Predictions of weather hazard require expensive km-scale simulations driven by coarser global inputs. Here, a cost-effective stochastic downscaling model is trained from a high-resolution 2-km weather model over Taiwan conditioned on 25-km ERA5 reanalysis. To address the multi-scale machine learning challenges of weather data, we employ a two-step approach Corrector Diffusion (CorrDiff), where a UNet prediction of the mean is corrected by a diffusion step. Akin to Reynolds decomposition in fluid dynamics, this isolates generative learning to the stochastic scales. CorrDiff exhibits skillful RMSE and CRPS and faithfully recovers spectra and distributions even for extremes.
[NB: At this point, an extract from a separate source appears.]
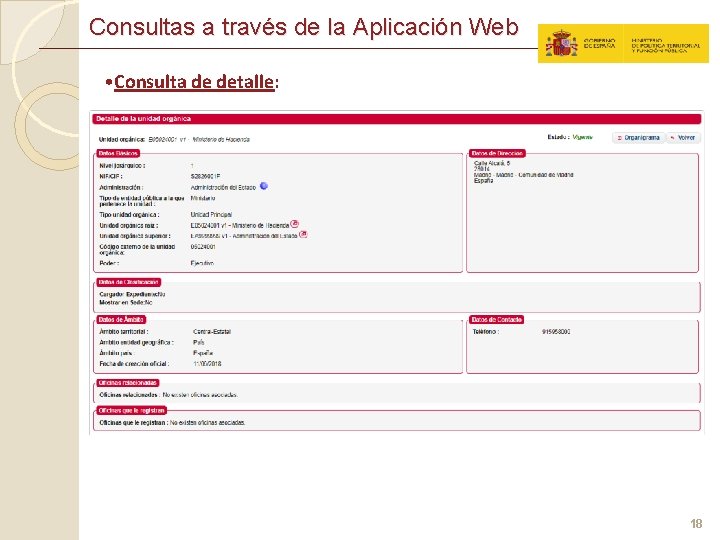 Consultas a través de la Aplicación Web • Consulta de detalle: 18 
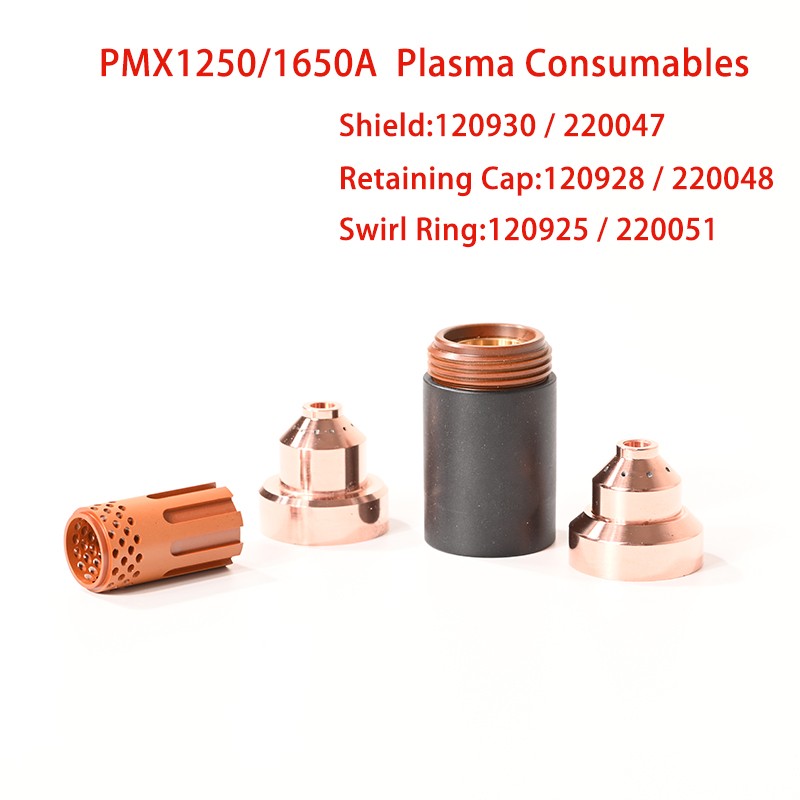 PMX1250 1650A البلازما قطع المواد الاستهلاكية درع 120930 220047 الاحتفاظ كاب 120928 220048 220206 دوامة حلقة 120925 220051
Case studies of coherent weather phenomena reveal appropriate multivariate relationships reminiscent of learnt physics: the collocation of intense rainfall and sharp gradients in fronts and extreme winds and rainfall bands near the eyewall of typhoons. Downscaling global forecasts successfully retains many of these benefits, foreshadowing the potential of end-to-end, global-to- km-scales machine learning weather predictions.

Refer to the CorrDiff preprint for more details.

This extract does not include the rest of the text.